Clark Public Utilities
Four candidates are vying to sit on the Clark County Public Utilities Board of Commissioners. The board is nonpartisan and often low-profile, but it makes decisions impacting a lot of pocketbooks. Board members help set electric and water rates and manage the utility's annual budget. Byron Hanke, the incumbent for the District 3 position, is facing three challengers: Jane Van Dyke, Michael Piper and Bill Hughes. Van Dyke served on the utility for 18 years prior to Hanke, and points to her part in building the utility's reputation for having good customer service. Hanke, the incumbent, said his experience is more relevant and timely than Van Dyke's. Hughes said he is looking for a job and thinks it would be a good one — the part-time positions are paid not more than $43,380 per year. Piper also has experience in the utility industry, including working as a consultant to the Bonneville Power Administration. He said he would push the utility to take a lead role in using renewable energy and boosting conservation efforts.

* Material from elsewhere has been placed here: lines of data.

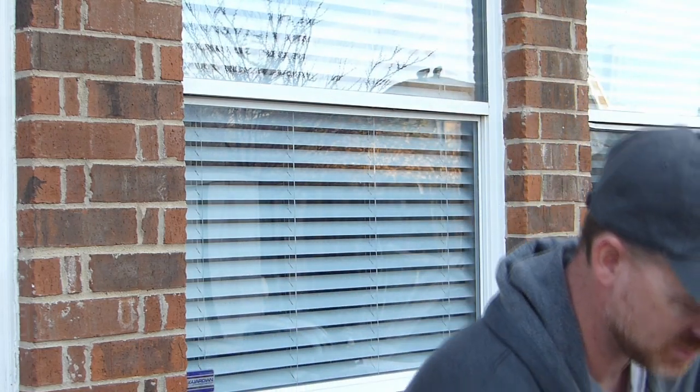We are doing a brew-in-the-bag, single-vessel brew today. We're going to do a recipe I got off the internet. It is a blonde ale — pretty simple. This is a SMASH recipe, so it only has basically two ingredients plus your yeast.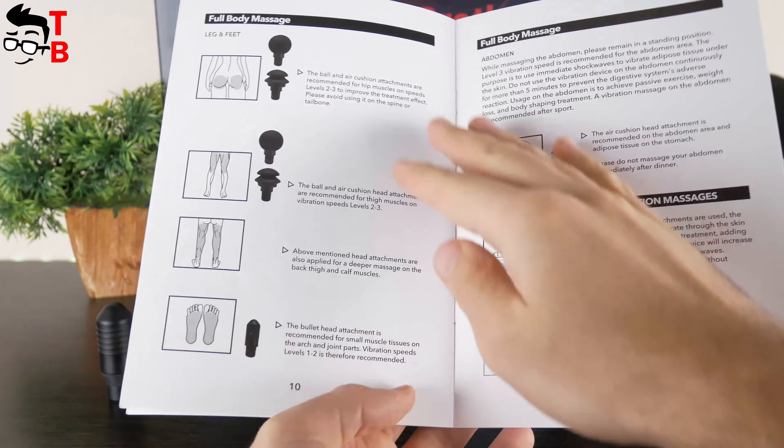One of the main features of Bob and Brad X6 Pro is the metal head, usable for cold and hot therapy. The massage gun has a powerful motor with 3200 RPM speed, 40 lbs of pressure, and 10 mm vibration amplitude. I really like the build quality and the long handle — it looks like a premium professional device. Thank you for watching. Hit the like button and subscribe to our channel – Tech Brothers.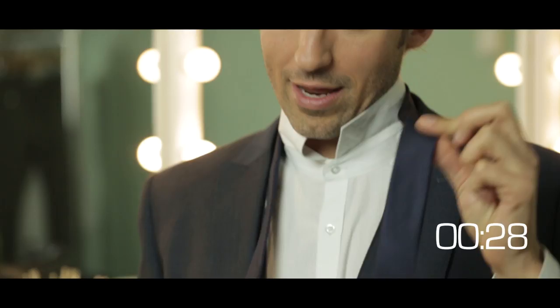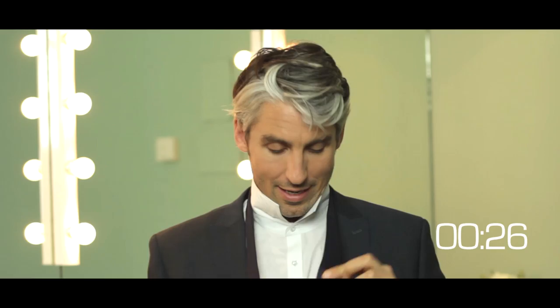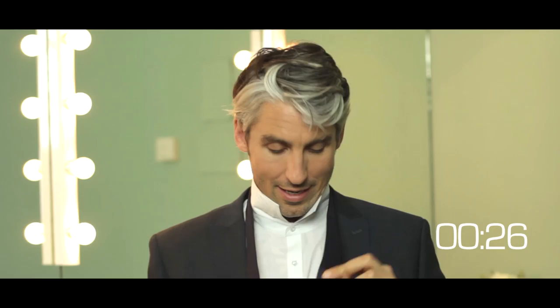That goes underneath, this bit goes over the top, you wrap it round, make a bit of space with your fingers, push it through — and bish bosh bang, your tie should be done perfectly. Roughly.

Several candidates will get a pass in the primary and head straight to the general election, barring any surprising challenge from a write-in campaign.
Incumbent Norm Johnson, R-Yakima, is unopposed for the 14th Legislative District, Position 1 seat. Incumbent Monica Stonier, D-Vancouver, and Republican Lynda Wilson of Vancouver are the only two vying for the 17th Legislative District, Position 1 seat. Rep. Liz Pike, R-Camas, and her Democratic challenger Maureen Winningham, a Vancouver resident, area also expected to head straight for the general election. In the race for prosecutor, incumbent Tony Golik is matched up against private attorney Josephine Townsend. For the open seat of county commissioner, Craig Pridemore, a Democrat, is running against Republican candidate Jeanne Stewart. For the four-year county assessor term, Peter Van Nortwick, a Republican, is up against Darren Wertz, who stated no party preference. For the county clerk spot, Scott Weber, a Republican, faces Democrat Deanna Pauli-Hammond. Greg Kimsey doesn't appear to have any challengers for his county auditor seat.
Aaron Corvin, Tyler Graf and Justin Runquist contributed to this report.